Construction of a Predictive Model

It is known that machine learning often demands a large amount of data for training; it is not always necessary to use raw, unprocessed information and is a process of cleaning and altering data into a recommended format for machine learning algorithms. Preprocessing can involve several steps, such as removing outliers, normalizing data, and encoding categorical variables. This process explains about how preprocessing steps are tailored to specific needs of the data and basic requirements of machine learning tasks. Regarding accurately predicting human stress levels, there are various machine learning models that can be trained on preprocessed data to achieve this goal. Some popular models for regression problems include linear regression, decision trees, random forests, and neural networks. It is highly inevitable to notice that correctness of the model depends on quality and quantity of data being used for training.

The dataset was obtained from Kaggle and then goes through data-preprocessing to eliminate duplicate and null values. Then the data is represented in graph by data visualization. The algorithms are implemented and the highest accuracy is shown in the model. The model is deployed using the input given by users as shown in Figs. 3 and 4.

In the initial step, data related to sleep and stress is assembled. This data may include physiological signals such as heart rate, respiration rate, snoring rate, etc that are recorded during sleep. The collected data needs to be preprocessed in order to filter noise or artifacts that may be found. This may include filtering, artifact removal, and normalization of the data. The next step is to collect relevant features from preprocessed data, may include statistical metrics such as mean, standard deviation, skew and spectral features such as power spectral density and spectral entropy. The extracted features may be high-dimensional and contain redundant or irrelevant information. Hence, feature selection strategies such as Principal Component Analysis (PCA) / Mutual Information resorted to choose most identical features.

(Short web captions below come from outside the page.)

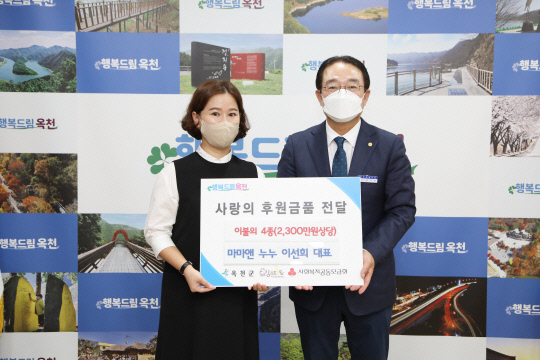 누누마마 이미지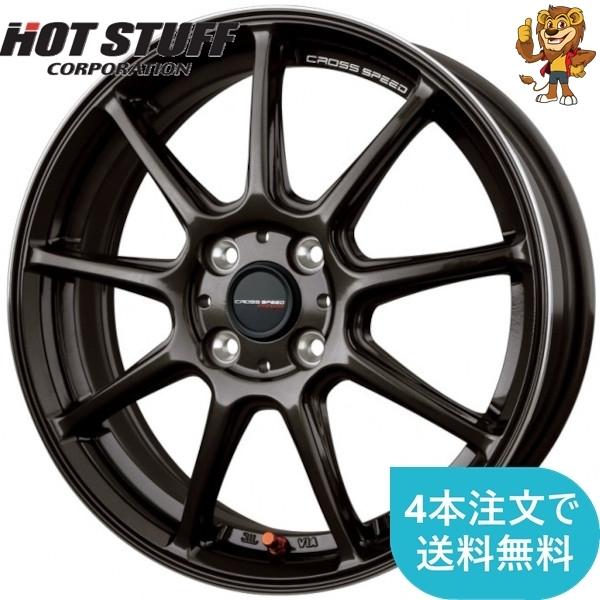 HOT STUFF（ホットスタッフ） ホイールのみ1本 HOT STUFF CROSS SPEED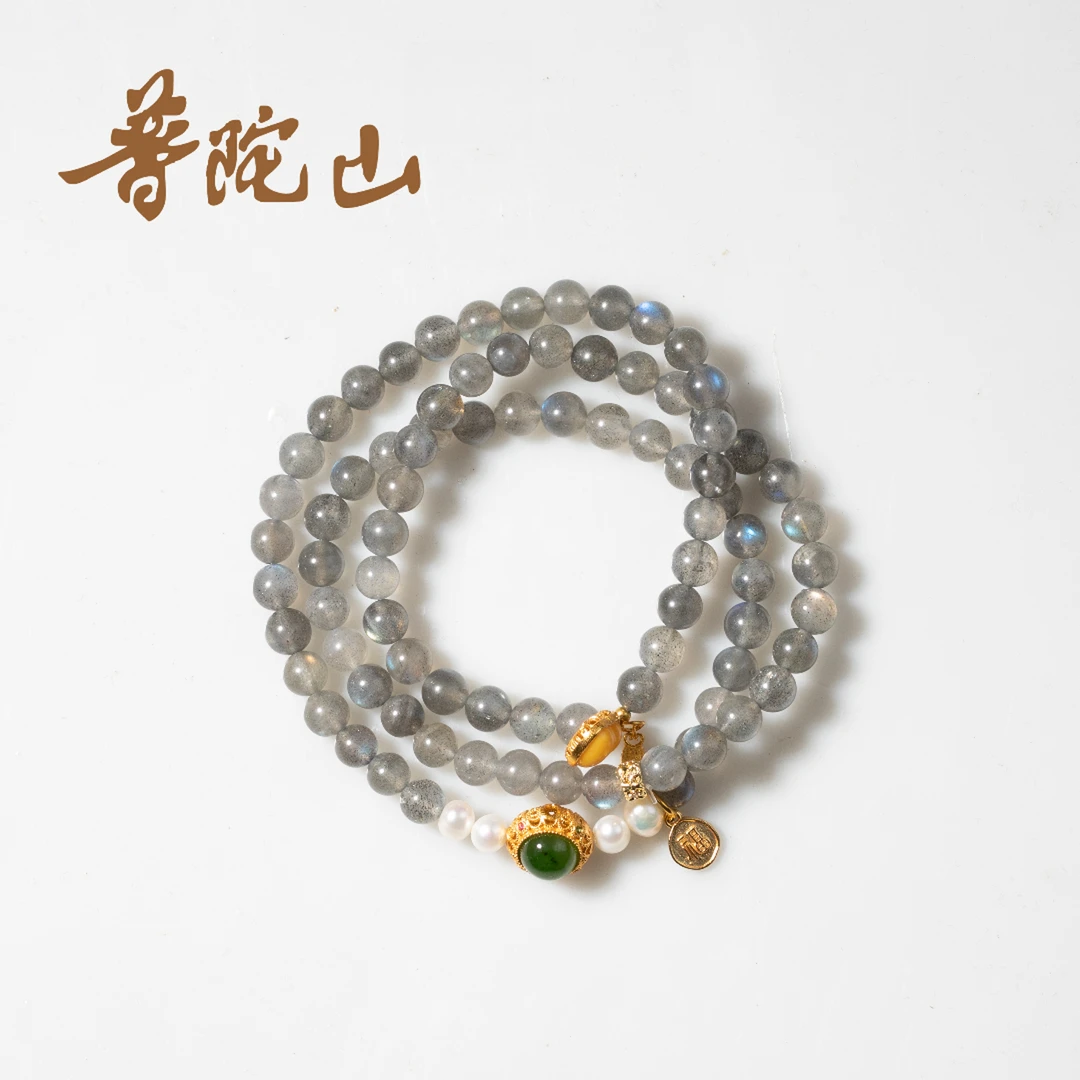 【普陀山国营官方】灰月光多圈手串623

Machine Learning Model Training

Once the relevant features are selected, a machine learning algorithm is employed on the labeled dataset to predict stress levels. Some of the commonly used algorithms include Multi-Layer Perceptron (MLP), Decision Tree Classifier, Random Forest, Gradient Boosting and Adaboost Classifier.

Model Evaluation

Trained model is validated on a test dataset to estimate its performance. Metrics includes accuracy, precision, recall, and F1-score depend on task being solved. Accuracy gives a measure of correctness, while precision and recall speak about how well the model is performing on specific classes.

Deployment

After the designed model is trained, tested and evaluated, to detect stress levels during sleep. This may involve monitoring physiological signals in real-time and making predictions based on the trained model. The deployment process may also involve testing and validating the overall performance of the model in real-world conditions to ensure that it can handle variations in signal quality, environmental noise, and user variability. Overall, deploying a machine learning model for real-time stress detection during sleep is a difficult and challenging task, but one with the potential to improve the understanding and management of stress-related disorders.

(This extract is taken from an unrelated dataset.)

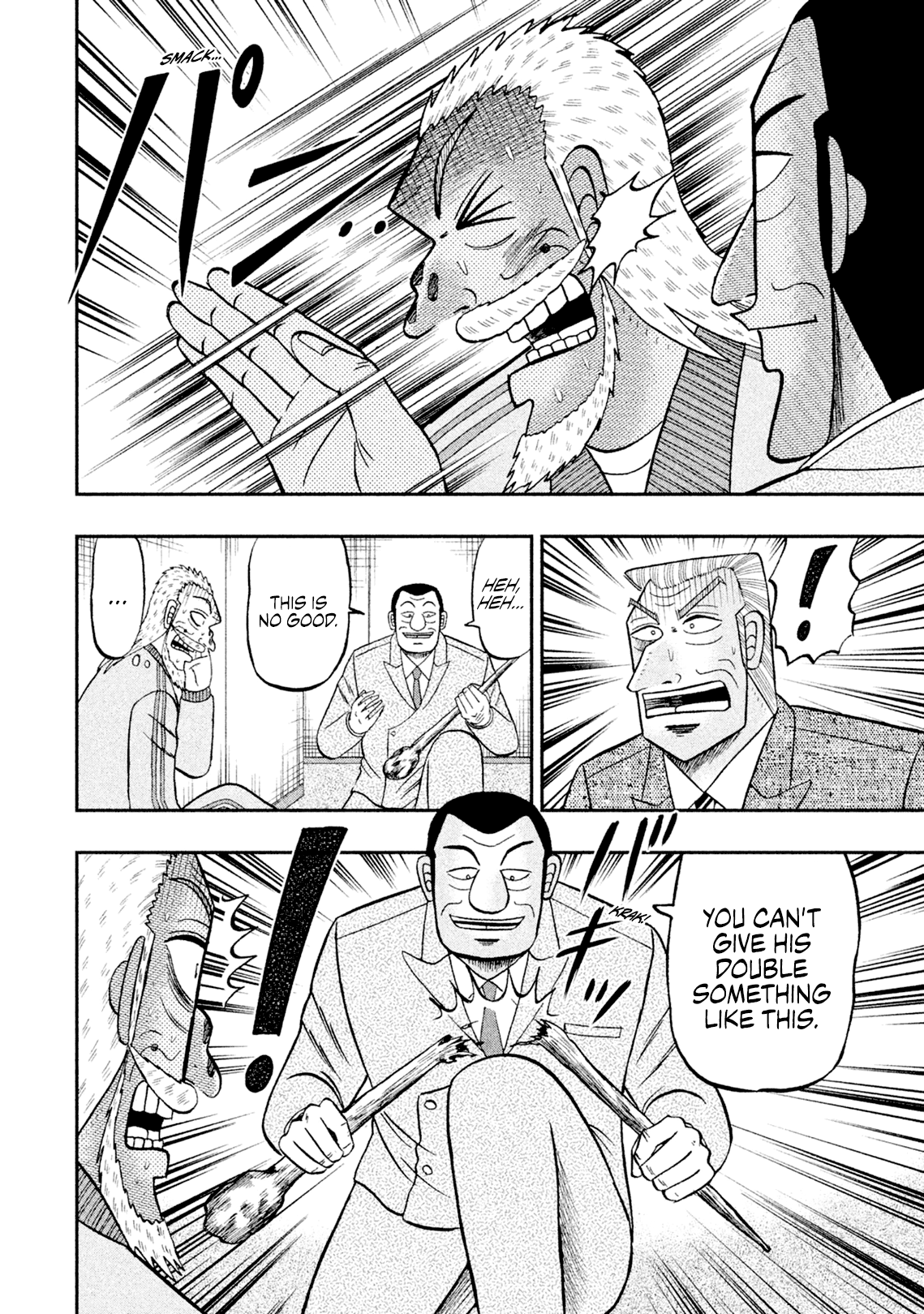 Chuukan Kanriroku Tonegawa Chapter 44 #14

Modified Multilayer Perceptron

In this work we propose a modified Multilayer Perceptron which involves the dropout layers, which randomly deactivate a percentage of neurons during training, preventing overfitting and enhancing generalization. Additionally, we explored the variations in activation functions and the number of hidden layers to optimize MLPs for specific tasks, contributing to the ongoing evolution of neural network architectures in the human stress level detection.

MLP is a type of artificial neural network that consists of multiple layers of interconnected nodes, each layer contributing to the learning and abstraction of complex patterns. By employing hidden layers and activation functions, MLPs can effectively model non-linear relationships, making them versatile for various machine learning tasks such as image recognition and natural language processing.

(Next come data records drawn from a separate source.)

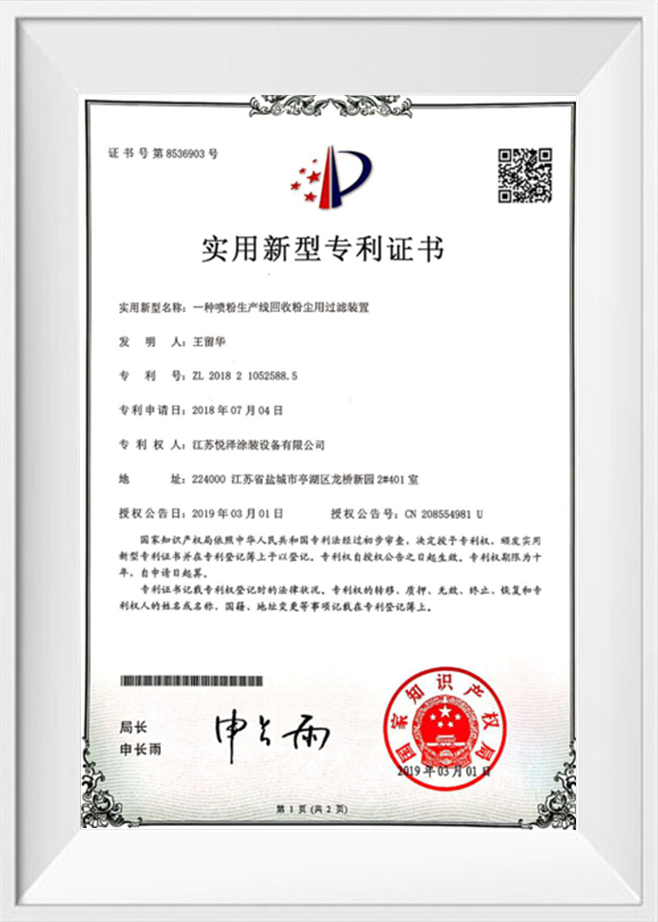 Patentový certifikát úžitkového vzoru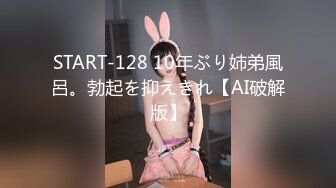 浅色线衣黑紧身裤美女肥美的馒头穴 细细长长的逼缝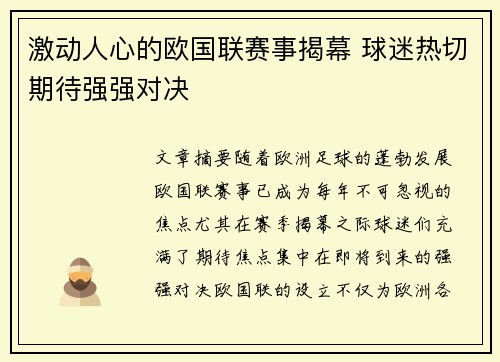 激动人心的欧国联赛事揭幕 球迷热切期待强强对决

The process begins with the input layer, which receives the raw data or features to be processed as shown in Fig. 5. Each node in this layer represents a feature of the input data. Every connection between nodes in adjacent layers is associated with a weight, representing the strength of the connection. Additionally, each node has a bias term, allowing for greater flexibility in modeling. Following the input layer are one or more hidden layers. These layers perform transformations on the input data using weighted sums and activation functions. Nodes within each hidden layer apply an activation function to the weighted sum of inputs and biases. Common activation functions include sigmoid, tanh, ReLU, and softmax. These functions introduce non-linearity, enabling the network to learn complex patterns in the data. The input data is propagated forward through the network layer by layer, with each layer's output serving as the input to the next layer. The final layer, known as the output layer, produces the network's predictions or outputs. The number of nodes in this layer depends on the nature of the problem (e.g., classification, regression).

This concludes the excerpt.